Preliminarmente occorre procedere alla riunione dei due ricorsi, ai sensi dell’art. 335 c.p.c..
I motivi del ricorso principale sono entrambi infondati.
La sentenza qui censurata, infatti, con una motivazione succinta ma tuttavia sufficiente, ha accertato che nel caso in esame il Comune di Capistrello aveva effettuato una modifica dell’organico comunale in virtù della quale l’odierno ricorrente – prima capo del settore tecnico – si è trovato ad essere in posizione non più di vertice in conseguenza della creazione ex novo di un posto di tecnico laureato.
A seguito di tale modifica – pacificamente riconosciuta legittima dal TAR per l’Abruzzo, con sentenza definitiva il D. ha comunque mantenuto mansioni congrue rispetto al suo inquadramento, nessun rilievo potendo essere riconosciuto al fatto che egli sia venuto a trovarsi in posizione subordinata rispetto a quella di un neoassunto con qualifica superiore. Il D.Lgs. n. 165 del 2001, art. 52, a differenza dell’art. 2103 c.c., infatti, impone nei confronti del prestatore di lavoro pubblico il mantenimento delle mansioni per le quali è stato assunto o di quelle “considerate equivalenti nell’ambito della classificazione professionale prevista dai contratti collettivi”, senza dare rilievo a quelle in concreto svolte.
Ne consegue che – anche omettendo di tener presente il vincolo costituito, nei confronti del Giudice ordinario, dal giudicato amministrativo circa la legittimità del mutamento dell’organico del Comune – l’impugnata sentenza ha dato conto in modo sufficiente delle ragioni per le quali il ricorrente non ha subito, in effetti, alcun demansionamento.
Allo stesso modo, la Corte d’appello ha accertato che il ricorrente non ha fornito alcuna prova in ordine al contestato mobbing, con una verifica congruamente motivata e, come tale, insindacabile in sede di legittimità.
L’infondatezza del ricorso principale comporta l’assorbimento del ricorso incidentale condizionato.
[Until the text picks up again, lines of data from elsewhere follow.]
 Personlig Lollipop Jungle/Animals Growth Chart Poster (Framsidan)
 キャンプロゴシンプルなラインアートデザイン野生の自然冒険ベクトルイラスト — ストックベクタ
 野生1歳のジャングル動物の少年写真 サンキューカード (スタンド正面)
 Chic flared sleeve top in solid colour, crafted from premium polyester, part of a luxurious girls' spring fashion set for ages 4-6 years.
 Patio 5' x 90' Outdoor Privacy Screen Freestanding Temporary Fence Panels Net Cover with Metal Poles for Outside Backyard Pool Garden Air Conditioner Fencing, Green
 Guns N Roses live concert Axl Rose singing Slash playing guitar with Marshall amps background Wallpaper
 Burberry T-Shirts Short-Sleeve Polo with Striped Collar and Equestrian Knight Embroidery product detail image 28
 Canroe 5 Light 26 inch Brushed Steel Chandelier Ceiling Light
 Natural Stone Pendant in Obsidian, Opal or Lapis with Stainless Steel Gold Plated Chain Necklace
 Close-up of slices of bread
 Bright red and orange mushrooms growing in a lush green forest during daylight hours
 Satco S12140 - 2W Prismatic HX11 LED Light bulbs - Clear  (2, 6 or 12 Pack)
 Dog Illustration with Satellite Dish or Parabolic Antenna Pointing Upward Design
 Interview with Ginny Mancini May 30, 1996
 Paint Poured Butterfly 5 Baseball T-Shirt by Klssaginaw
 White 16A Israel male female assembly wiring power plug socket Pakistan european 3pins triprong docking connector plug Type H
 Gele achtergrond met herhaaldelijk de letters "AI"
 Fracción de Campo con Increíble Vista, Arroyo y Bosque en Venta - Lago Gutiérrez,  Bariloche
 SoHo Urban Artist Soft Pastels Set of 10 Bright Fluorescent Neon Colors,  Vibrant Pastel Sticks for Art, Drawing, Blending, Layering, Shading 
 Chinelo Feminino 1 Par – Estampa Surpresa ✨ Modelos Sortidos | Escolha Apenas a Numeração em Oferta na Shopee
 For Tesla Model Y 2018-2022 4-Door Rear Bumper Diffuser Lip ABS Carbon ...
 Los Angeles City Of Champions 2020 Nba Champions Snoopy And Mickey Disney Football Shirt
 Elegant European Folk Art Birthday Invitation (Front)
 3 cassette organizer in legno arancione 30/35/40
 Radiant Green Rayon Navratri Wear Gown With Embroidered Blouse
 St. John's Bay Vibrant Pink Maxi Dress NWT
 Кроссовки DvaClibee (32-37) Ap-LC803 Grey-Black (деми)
Attesa la natura della controversia, la Corte ritiene di compensare integralmente le spese del presente giudizio.
P.Q.M.
La Corte di cassazione, Sezioni Unite, riunisce i ricorsi, rigetta quello principale, dichiara assorbito quello incidentale e compensa integralmente le spese di lite tra le parti.
Così deciso in Roma, il 4 marzo 2008.